Work to be completed: Your job is to set down the stretch of entries that opens with the line containing "Source-feed image associated" and closes with the line containing "Ein weisses Auto steht vor einer Garage.". Keep both end lines, copy each exactly, and add nothing.

[Start of section]

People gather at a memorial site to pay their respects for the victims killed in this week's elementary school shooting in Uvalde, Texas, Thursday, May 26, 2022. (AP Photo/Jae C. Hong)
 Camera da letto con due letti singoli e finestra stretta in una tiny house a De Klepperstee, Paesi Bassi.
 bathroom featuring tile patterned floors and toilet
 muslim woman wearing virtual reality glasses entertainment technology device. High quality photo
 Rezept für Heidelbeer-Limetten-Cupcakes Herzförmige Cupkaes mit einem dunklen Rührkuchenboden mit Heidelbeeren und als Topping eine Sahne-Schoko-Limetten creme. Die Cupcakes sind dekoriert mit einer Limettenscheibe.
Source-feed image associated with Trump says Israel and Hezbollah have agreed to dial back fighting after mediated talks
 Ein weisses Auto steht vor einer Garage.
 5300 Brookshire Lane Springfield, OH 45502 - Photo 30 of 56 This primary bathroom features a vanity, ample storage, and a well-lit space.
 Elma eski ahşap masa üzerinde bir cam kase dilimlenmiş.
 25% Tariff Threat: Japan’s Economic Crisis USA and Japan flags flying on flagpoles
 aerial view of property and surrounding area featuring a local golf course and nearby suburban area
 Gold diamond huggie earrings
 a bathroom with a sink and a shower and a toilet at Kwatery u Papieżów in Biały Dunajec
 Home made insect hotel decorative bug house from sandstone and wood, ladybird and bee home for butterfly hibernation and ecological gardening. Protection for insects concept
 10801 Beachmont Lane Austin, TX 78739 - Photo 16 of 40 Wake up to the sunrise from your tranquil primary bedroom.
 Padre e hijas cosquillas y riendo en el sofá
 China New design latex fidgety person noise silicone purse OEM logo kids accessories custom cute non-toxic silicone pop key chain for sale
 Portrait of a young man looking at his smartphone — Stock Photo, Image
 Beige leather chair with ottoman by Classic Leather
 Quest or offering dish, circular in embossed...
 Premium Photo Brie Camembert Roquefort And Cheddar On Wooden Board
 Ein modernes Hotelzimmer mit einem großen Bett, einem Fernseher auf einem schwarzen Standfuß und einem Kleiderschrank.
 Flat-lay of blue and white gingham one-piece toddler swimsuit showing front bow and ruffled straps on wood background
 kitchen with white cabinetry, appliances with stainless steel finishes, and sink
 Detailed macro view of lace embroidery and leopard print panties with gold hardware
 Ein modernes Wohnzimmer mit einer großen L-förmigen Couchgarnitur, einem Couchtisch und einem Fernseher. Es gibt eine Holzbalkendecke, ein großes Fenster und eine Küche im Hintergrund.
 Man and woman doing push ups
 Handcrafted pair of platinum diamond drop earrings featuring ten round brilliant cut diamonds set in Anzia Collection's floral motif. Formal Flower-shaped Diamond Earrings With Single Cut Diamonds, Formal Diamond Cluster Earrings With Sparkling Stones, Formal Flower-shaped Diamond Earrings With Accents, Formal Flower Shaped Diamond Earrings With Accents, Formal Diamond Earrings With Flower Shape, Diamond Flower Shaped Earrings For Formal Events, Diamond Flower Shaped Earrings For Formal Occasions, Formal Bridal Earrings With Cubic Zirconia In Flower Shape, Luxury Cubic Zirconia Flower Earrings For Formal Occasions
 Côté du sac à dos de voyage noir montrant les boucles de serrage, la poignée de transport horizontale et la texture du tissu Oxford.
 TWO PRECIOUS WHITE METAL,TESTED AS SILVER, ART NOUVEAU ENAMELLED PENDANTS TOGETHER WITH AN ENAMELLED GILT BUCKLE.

[End of section]

Written response:
Source-feed image associated with Trump says Israel and Hezbollah have agreed to dial back fighting after mediated talks
 Ein weisses Auto steht vor einer Garage.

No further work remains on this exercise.